**BRIEF**.
Everything from the line that holds "Thungela Resources Chart" through the end of the listing below must be retyped word for word, without any pictures.
─── THE DATA ───
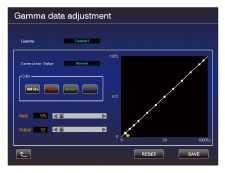 gamma data adjustment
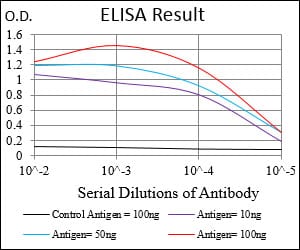 Black line: Control Antigen (100 ng); Purple line: Antigen(10ng); Blue line: Antigen (50 ng); Red line: Antigen (100 ng);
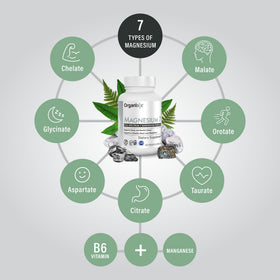 Organixx Magnesium 7 Complex 60 capsules, vue arrière
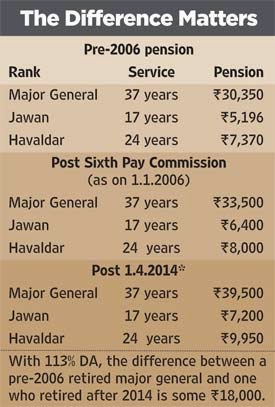 One rank One pension – Shadow of A Promise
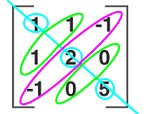 Symmetric Matrix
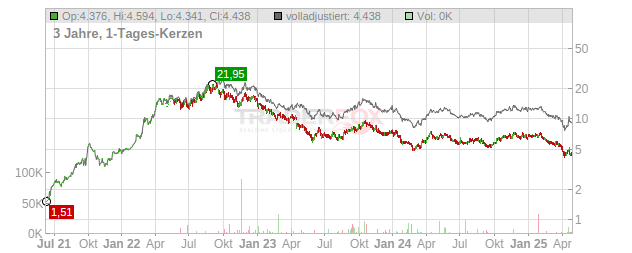 Thungela Resources Chart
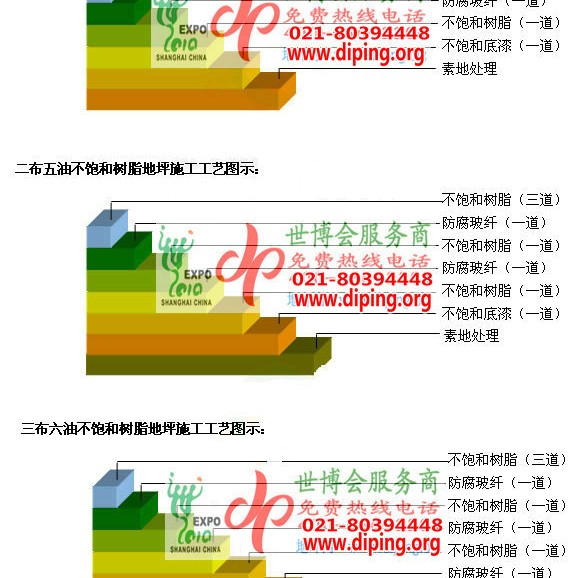 安岳不饱和树脂地坪，不饱和树脂防腐地坪,防腐蚀地坪施工厂家产品图2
───
**WRITTEN ANSWER**.
 Thungela Resources Chart
 安岳不饱和树脂地坪，不饱和树脂防腐地坪,防腐蚀地坪施工厂家产品图2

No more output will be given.